> _What to produce_:
All of the data is to be printed exactly, though the images must be left off.

[Start of Attachment]

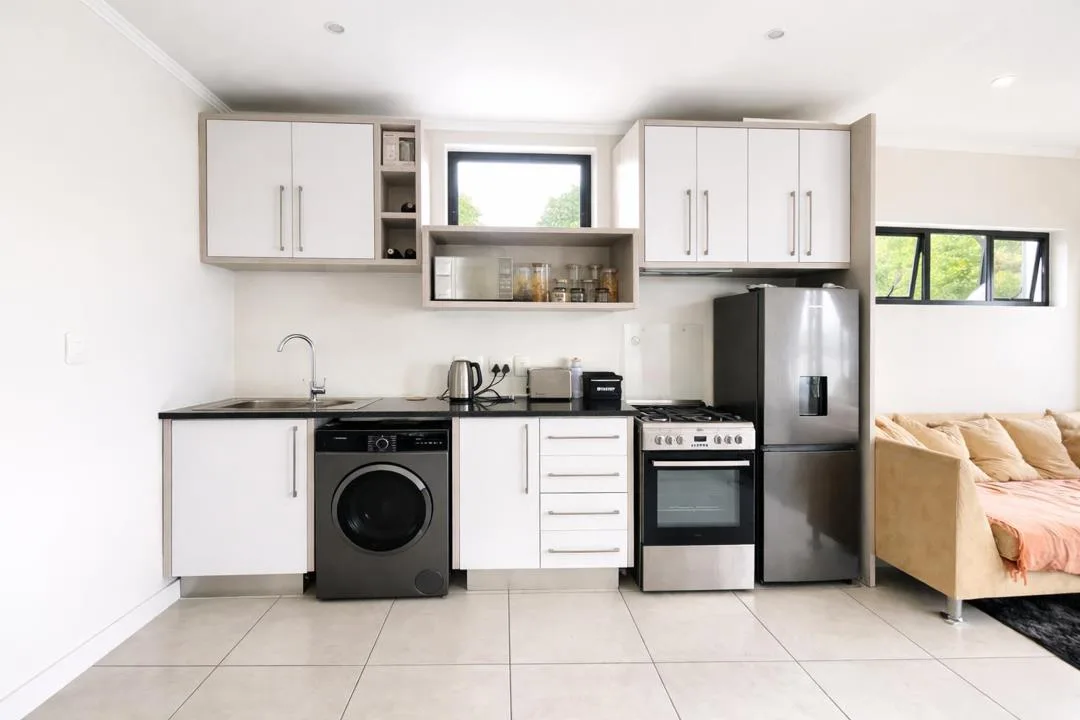 1 Bedroom Apartment / flat to rent in Bryanston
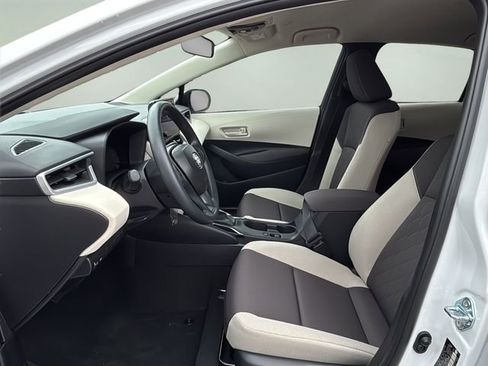 New 2026 Toyota Corolla LE FWD image 18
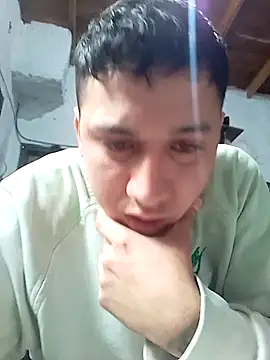 Snapshot of Alvarezz0202 chatting on 06/01/26, 03:58 Alvarezz0202 online show from 06/01/26, 03:58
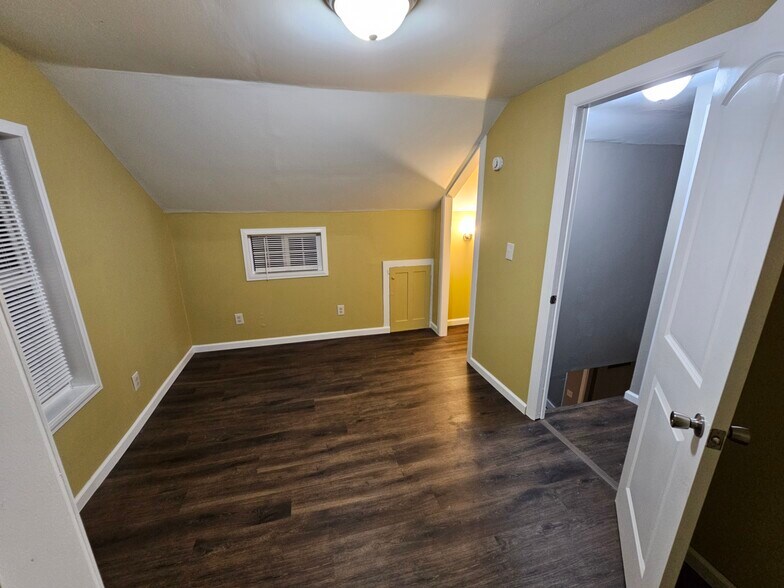 Building Photo - 7381 Owasco Rd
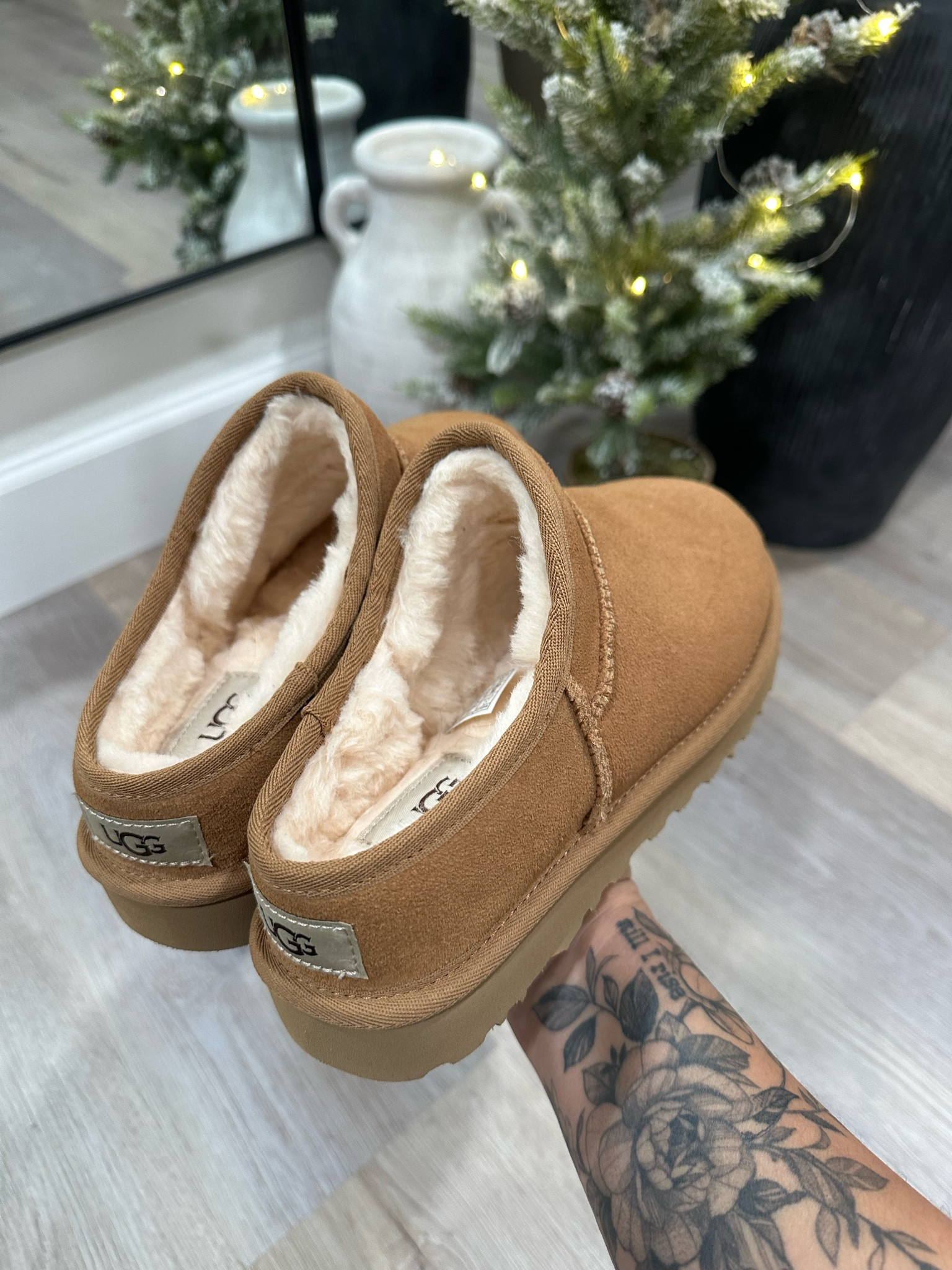 The oh so popular Ugg slippers are fully stocked and on SALE 📣📣Just in time for the cold weather ❄️

#LTKSaleAlert #LTKGiftGuide #LTKHoliday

[End of Attachment]

> _Answer to this exercise_:
 1 Bedroom Apartment / flat to rent in Bryanston
 New 2026 Toyota Corolla LE FWD image 18
 Snapshot of Alvarezz0202 chatting on 06/01/26, 03:58 Alvarezz0202 online show from 06/01/26, 03:58
 Building Photo - 7381 Owasco Rd
 The oh so popular Ugg slippers are fully stocked and on SALE 📣📣Just in time for the cold weather ❄️

#LTKSaleAlert #LTKGiftGuide #LTKHoliday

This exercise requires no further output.